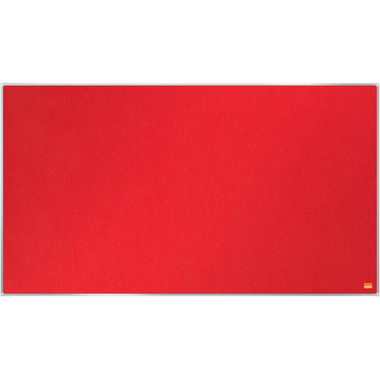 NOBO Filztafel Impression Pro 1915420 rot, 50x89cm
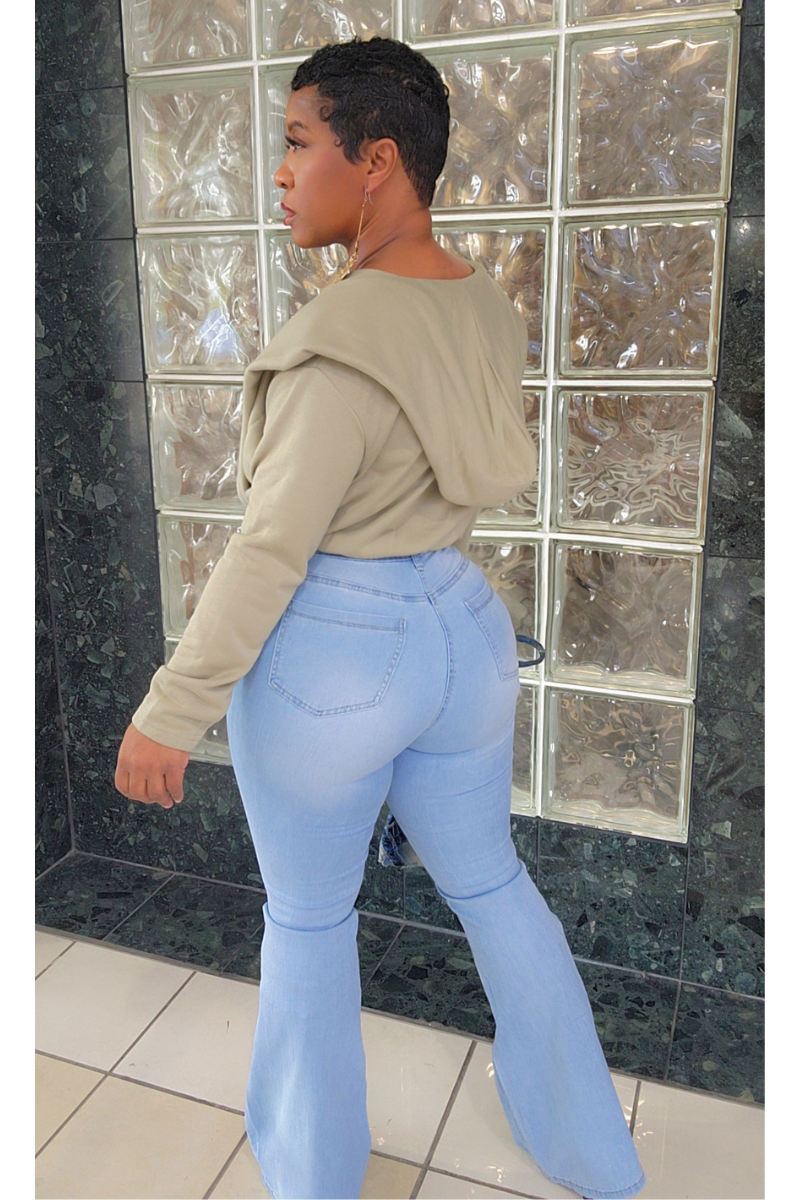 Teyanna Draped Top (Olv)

==

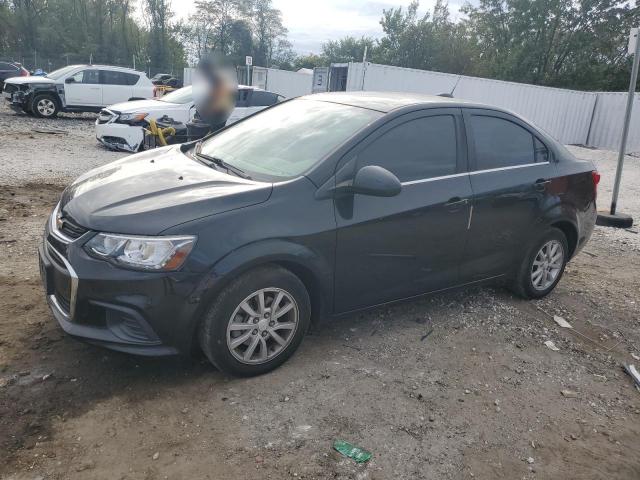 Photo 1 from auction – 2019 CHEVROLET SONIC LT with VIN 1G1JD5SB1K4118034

• Work task: From the records above, copy only the lines running from the line holding "NOBO Filztafel Impression" through the line holding "Teyanna Draped Top (Olv)", with no pictures.

• Written response:
 NOBO Filztafel Impression Pro 1915420 rot, 50x89cm
 Teyanna Draped Top (Olv)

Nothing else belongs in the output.